To maintain a social license to operate within the emerging circular economy, corporate leaders will also need to ask themselves: Is my supply chain something I can be proud of? The transition to a sustainable circular material flow cannot be achieved without the integration of the millions of workers (perhaps as much as 2% of the world’s population makes its living scavenging recyclable wastes) who collect, sort and process consumer waste — a sector that in many emerging markets is informal and does not enjoy any of the benefits and protection afforded to the workers in the “formal” material supply chain. In Brazil, Johnson & Johnson has launched Project Phoenix to address this issue directly by creating the business conditions necessary to transform the recycling supply chain and build a supplier base that upholds high standards for feedstock and labour conditions. To operate sustainably, multinationals will not only need to secure stable supplies of high-volume, high-quality feedstock but will also need to do so in a manner that provides acceptable working conditions for all. A circular economy is restorative and that applies to both people and planet.
The impending resource crunch is a problem of such magnitude that micro-level, uncoordinated efforts will simply not suffice. The leading 100 multinational companies, however, can have a bold impact on circular material flows. Not only do the world’s largest companies control a large share of materials (according to the WWF, 100 companies control 25% of trade of “commodities of concern”), their operations and decision-making is not restricted by political boundaries. Further, their supply chains often overlap — a future disruption for one company is a disruption for many. With some primary resources rapidly depleting, these disruptions will become increasingly common if the status quo continues. Working together, therefore, is not at odds with competition but rather is a necessary precondition for it. By joining forces, market leaders can ensure conditions exist that require all producers to take responsibility for their products throughout the entire lifecycle on a level playing field.

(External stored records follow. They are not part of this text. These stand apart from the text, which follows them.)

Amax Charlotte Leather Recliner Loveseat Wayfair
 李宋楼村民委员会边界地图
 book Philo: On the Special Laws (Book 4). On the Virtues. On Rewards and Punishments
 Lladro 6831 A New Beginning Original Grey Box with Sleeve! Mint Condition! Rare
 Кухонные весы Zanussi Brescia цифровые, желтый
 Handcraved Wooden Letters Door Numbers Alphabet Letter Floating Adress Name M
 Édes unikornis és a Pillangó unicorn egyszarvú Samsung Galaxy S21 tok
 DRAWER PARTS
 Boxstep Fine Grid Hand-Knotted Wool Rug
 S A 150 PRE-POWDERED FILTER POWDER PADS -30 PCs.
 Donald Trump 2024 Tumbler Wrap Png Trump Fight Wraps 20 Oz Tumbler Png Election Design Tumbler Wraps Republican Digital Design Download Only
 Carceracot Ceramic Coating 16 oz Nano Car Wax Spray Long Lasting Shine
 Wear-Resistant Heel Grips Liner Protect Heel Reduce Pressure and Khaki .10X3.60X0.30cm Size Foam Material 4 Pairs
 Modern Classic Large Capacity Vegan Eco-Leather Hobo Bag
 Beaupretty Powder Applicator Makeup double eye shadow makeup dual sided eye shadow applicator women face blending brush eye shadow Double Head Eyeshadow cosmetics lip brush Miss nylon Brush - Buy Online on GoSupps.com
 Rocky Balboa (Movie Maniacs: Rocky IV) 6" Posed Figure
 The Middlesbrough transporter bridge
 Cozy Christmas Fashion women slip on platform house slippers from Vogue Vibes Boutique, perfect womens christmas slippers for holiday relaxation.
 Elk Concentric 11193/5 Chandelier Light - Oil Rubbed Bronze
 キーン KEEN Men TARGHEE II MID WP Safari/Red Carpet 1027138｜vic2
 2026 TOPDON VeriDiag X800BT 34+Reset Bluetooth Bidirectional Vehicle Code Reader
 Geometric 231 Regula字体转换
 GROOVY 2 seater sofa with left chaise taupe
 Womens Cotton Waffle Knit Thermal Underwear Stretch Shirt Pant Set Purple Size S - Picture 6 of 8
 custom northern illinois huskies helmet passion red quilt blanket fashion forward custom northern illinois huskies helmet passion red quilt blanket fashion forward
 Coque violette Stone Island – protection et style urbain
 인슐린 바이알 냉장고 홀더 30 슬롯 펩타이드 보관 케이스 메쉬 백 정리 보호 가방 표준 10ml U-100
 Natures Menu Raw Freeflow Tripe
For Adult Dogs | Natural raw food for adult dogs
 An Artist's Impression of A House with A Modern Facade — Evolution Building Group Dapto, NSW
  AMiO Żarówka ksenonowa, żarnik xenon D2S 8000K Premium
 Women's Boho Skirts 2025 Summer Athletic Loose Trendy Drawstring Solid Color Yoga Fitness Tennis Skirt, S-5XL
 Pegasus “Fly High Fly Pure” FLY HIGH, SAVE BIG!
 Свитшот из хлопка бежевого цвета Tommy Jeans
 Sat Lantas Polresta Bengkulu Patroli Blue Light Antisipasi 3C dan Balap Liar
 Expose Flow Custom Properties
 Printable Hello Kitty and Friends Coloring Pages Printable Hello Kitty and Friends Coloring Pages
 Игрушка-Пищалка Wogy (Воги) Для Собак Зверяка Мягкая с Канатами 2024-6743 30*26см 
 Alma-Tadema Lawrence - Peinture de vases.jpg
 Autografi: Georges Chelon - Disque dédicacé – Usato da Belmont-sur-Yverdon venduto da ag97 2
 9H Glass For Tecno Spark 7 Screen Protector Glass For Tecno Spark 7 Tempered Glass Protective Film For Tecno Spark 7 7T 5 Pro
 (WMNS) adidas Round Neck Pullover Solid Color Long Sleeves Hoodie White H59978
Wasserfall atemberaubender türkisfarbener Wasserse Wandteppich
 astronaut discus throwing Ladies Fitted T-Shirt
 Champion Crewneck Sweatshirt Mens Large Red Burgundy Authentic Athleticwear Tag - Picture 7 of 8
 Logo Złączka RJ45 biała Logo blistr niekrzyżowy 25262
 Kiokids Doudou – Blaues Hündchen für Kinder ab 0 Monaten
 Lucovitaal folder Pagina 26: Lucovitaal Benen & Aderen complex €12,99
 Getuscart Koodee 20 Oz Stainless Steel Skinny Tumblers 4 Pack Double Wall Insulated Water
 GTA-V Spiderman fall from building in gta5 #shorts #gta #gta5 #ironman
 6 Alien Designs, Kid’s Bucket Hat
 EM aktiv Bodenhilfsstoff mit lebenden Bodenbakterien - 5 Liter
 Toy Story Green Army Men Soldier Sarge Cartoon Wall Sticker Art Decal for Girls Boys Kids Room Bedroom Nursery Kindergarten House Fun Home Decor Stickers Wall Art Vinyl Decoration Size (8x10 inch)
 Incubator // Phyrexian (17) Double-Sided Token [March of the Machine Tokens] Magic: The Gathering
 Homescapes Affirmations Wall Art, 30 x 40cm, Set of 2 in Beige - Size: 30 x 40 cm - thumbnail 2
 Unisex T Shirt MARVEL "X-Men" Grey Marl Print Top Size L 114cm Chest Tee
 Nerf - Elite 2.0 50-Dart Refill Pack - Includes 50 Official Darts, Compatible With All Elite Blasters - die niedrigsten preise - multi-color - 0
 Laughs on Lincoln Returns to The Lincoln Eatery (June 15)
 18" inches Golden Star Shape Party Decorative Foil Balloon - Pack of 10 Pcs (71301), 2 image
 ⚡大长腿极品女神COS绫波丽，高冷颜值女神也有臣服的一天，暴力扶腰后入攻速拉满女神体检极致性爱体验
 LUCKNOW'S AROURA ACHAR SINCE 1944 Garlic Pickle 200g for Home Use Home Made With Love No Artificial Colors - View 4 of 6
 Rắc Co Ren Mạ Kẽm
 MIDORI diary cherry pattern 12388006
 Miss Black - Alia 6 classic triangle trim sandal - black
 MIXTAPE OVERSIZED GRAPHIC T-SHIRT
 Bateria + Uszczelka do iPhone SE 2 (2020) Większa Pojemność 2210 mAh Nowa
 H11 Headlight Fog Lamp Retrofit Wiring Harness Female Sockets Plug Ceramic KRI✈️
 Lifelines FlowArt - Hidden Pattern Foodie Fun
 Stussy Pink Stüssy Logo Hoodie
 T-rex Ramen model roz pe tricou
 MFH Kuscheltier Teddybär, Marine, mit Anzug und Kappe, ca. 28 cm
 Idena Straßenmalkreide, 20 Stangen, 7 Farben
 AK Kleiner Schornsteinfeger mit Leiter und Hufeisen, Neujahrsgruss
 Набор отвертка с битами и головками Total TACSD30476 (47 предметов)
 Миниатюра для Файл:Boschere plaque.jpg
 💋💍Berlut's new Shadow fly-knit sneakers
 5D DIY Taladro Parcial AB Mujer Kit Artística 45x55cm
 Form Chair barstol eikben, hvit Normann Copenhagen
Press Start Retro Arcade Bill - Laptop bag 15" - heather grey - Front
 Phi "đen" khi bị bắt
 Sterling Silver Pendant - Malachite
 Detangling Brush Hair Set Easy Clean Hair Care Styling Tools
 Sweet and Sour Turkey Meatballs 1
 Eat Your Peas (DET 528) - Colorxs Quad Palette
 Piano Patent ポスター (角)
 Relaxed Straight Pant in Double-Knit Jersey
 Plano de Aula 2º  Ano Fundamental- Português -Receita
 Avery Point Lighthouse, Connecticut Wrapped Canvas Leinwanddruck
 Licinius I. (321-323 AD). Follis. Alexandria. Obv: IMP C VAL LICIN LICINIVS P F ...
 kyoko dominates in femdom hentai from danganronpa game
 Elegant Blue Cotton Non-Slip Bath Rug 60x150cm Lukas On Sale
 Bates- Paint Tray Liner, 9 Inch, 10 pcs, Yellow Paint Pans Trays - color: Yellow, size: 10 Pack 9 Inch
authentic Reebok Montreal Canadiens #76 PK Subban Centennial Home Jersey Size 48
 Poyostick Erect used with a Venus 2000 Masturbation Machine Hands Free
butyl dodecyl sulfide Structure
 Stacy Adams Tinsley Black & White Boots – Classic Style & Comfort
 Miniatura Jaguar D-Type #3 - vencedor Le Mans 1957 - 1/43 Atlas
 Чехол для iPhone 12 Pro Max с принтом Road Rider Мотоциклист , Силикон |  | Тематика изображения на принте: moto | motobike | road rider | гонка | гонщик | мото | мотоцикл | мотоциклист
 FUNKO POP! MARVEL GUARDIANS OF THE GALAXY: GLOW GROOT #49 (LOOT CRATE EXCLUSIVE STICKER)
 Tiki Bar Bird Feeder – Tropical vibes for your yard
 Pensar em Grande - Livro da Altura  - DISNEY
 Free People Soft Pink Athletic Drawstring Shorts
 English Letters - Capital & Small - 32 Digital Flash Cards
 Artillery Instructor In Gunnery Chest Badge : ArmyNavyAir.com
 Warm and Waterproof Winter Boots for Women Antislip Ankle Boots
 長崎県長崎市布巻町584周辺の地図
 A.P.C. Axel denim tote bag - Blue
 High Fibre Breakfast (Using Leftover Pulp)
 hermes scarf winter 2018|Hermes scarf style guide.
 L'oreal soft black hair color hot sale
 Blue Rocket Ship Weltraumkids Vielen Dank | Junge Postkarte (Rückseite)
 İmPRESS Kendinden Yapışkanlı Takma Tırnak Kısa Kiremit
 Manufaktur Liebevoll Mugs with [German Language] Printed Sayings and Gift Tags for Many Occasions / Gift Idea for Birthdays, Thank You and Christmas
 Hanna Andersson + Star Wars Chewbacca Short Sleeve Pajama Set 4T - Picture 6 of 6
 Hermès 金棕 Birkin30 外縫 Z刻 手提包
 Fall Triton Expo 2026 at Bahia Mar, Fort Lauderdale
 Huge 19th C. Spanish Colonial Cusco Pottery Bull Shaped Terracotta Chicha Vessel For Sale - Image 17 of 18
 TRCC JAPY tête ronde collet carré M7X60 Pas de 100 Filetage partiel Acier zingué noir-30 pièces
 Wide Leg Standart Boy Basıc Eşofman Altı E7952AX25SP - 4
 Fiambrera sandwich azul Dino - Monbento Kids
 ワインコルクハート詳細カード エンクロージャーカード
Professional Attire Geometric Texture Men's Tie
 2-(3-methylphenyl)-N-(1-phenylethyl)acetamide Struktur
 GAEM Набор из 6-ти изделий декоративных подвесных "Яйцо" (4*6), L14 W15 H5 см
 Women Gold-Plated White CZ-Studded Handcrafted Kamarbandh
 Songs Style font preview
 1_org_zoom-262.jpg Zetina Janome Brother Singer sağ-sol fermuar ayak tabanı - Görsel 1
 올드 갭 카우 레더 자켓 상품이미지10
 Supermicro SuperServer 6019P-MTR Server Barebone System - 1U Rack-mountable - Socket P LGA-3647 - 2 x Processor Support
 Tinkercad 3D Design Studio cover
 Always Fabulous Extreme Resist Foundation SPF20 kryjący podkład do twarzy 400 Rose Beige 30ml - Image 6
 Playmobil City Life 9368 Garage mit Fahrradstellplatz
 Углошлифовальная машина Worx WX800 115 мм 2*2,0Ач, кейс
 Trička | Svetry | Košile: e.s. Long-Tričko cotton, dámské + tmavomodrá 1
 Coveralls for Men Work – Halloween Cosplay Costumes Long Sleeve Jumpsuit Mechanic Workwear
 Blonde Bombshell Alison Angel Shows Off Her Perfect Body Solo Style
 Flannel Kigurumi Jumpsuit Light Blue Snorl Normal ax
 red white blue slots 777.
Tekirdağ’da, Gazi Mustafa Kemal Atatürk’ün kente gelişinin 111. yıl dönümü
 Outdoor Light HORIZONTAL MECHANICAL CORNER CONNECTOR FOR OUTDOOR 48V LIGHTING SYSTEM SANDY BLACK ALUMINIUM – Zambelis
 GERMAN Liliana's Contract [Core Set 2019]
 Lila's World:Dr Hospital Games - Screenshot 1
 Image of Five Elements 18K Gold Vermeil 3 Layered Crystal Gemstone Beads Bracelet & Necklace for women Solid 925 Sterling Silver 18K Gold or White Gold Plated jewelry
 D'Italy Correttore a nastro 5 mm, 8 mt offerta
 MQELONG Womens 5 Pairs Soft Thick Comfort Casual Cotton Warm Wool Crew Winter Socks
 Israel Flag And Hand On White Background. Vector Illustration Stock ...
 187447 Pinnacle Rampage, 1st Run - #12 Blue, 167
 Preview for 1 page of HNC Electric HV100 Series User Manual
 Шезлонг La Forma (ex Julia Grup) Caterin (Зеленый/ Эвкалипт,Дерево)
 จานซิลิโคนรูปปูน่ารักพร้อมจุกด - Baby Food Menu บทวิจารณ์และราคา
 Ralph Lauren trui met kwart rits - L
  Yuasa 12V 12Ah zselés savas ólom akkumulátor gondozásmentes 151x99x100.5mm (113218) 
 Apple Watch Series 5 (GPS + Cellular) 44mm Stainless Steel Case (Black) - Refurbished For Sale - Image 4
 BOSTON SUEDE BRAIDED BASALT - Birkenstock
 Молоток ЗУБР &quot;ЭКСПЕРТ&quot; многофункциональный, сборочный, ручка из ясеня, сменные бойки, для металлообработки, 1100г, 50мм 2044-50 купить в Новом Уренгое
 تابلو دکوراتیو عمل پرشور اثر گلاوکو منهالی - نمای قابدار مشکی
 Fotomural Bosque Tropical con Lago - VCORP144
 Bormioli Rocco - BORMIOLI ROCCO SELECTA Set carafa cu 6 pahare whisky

They can leverage their collective experience and share investment costs to accelerate the transition. Perhaps most importantly, when the world’s largest companies begin to change their mindset — when their decisions internalize the costs traditionally borne by society and the environment — other players will follow suit. The outcome will be a competitive landscape that provides more for customers while costing less for society and for the environment on which we all depend.